Véritable fil conducteur de l'œuvre, la partie superbement exécutée par Pavlo Hunka est d'une totale clarté tant le chanteur sait jouer des nuances variées et expressives de sa voix et de ses attitudes. Le chœur et l'orchestre constituent le cadre dans lequel il s'inscrit. Les qualités collectives de ce chœur, analogues à celles du soliste, créent entre eux une fusion : un sens admirable de la nuance et du rythme illustrés par d'amples et fascinants crescendo et decrescendo, par des scansions résonnant jusqu'au tréfonds des âmes, par une expressivité allant de la fureur des folies meurtrières déchaînées au timbre étouffé des victimes terrorisées. Le chœur assume avec une égale faculté d'adaptation les trois fonctions qui lui sont imparties : présentation introductive de scènes particulièrement dramatiques, accompagnement du soliste lorsqu'ensemble ils dénoncent les oppresseurs et honorent les victimes ; enfin, commentaire contrastant ou prolongeant, à la manière du chœur antique, la partie soliste.
L'orchestre enveloppe l'ensemble pour lui donner une portée que les pupitres particulièrement fournis enrichissent de sonorités grinçantes, effrayantes ou majestueuses. Nous pourrions répéter pour l'orchestre toutes les qualités notées chez le soliste et le chœur. Jamais, au cours de cette longue et exigeante symphonie, l'Orchestre Philharmonique de Strasbourg n'a perdu la moindre part de vitalité, s'ajustant tour à tour à une atmosphère sinistre, angoissante, terrifiante, révoltée mais aussi faite de confiance en un avenir meilleur, à bâtir. À la tête de l'ensemble, Marko Letonja est apparu portant tout le poids de cette pièce gigantesque et complexe, dirigeant l'orchestre et le chœur de ses mains nues, en parfaite entente avec le soliste.
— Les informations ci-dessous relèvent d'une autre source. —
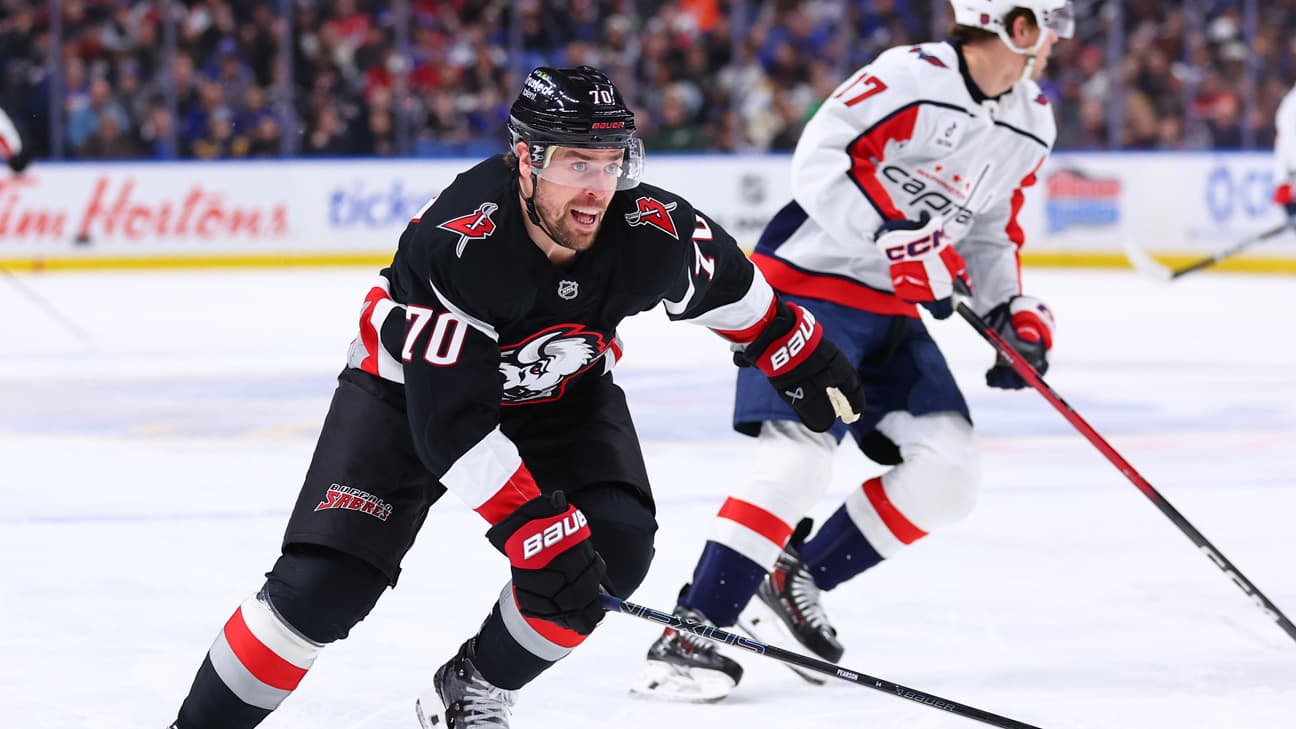 Tanner Pearson action shot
Une conduite sans faille.
Donnée en première partie de concert, la joyeuse Symphonie n° 73 « La Chasse » de Haydn était paradoxalement en rapport, dans l'esprit du programme, avec la symphonie de Chostakovitch. Paradoxe apparent, la perversité humaine étant capable parfois de passer d'une plaisante partie de chasse au gibier au plaisir morbide d'une chasse dans laquelle l'homme devient un loup abominablement cruel pour l'homme. Sur le plan musical, l'interprétation au rythme soutenu et aux effets finement ciselés a respiré l'aisance, l'élégance, l'enthousiasme, préparant un contraste radical avec la symphonie « Babi Yar ».